Work to complete
Please output exactly the lines from the one containing "Thumbnail 1 in" through the last line of the records, both included.
[Task input Boundary: Start]
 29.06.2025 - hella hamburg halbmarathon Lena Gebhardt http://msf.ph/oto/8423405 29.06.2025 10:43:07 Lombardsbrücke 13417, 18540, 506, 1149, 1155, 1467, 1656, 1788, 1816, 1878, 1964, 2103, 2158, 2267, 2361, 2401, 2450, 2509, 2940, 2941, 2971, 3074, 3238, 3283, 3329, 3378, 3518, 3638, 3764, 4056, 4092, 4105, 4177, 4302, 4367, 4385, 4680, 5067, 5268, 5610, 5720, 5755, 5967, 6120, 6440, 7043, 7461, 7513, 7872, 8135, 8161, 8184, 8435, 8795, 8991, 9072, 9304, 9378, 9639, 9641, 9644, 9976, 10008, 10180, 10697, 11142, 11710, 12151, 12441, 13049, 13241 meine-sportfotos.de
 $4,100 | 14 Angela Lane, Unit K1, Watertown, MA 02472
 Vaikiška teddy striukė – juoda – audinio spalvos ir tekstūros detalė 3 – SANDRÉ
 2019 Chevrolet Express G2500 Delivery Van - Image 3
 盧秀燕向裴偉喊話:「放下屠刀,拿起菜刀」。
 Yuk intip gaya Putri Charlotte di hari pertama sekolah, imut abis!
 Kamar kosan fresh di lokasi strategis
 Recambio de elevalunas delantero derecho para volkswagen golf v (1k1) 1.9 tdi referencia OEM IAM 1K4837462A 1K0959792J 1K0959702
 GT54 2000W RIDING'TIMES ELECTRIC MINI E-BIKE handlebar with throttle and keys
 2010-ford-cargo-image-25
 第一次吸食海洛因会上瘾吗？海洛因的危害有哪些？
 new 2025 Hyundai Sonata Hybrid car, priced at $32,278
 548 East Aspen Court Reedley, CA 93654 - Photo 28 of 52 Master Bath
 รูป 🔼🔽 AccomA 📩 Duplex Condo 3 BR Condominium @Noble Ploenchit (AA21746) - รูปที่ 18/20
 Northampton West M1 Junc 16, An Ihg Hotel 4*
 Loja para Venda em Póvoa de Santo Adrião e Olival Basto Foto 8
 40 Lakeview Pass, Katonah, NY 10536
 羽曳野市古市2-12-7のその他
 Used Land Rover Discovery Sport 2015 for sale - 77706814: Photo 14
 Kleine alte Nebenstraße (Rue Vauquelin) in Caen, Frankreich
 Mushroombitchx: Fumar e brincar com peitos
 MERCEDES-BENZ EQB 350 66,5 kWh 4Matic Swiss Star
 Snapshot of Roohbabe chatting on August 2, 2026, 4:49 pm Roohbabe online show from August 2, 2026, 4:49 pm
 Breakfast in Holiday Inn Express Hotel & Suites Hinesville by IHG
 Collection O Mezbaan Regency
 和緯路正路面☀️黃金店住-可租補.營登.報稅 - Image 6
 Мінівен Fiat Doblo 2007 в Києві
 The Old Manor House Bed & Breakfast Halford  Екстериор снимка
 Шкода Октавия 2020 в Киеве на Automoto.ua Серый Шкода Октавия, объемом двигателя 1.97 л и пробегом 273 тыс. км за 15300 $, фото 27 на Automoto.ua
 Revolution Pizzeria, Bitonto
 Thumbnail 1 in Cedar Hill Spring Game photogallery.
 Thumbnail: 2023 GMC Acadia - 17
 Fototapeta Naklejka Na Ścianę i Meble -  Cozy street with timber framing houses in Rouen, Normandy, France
[Task input Boundary: End]
Output
 Thumbnail 1 in Cedar Hill Spring Game photogallery.
 Thumbnail: 2023 GMC Acadia - 17
 Fototapeta Naklejka Na Ścianę i Meble -  Cozy street with timber framing houses in Rouen, Normandy, France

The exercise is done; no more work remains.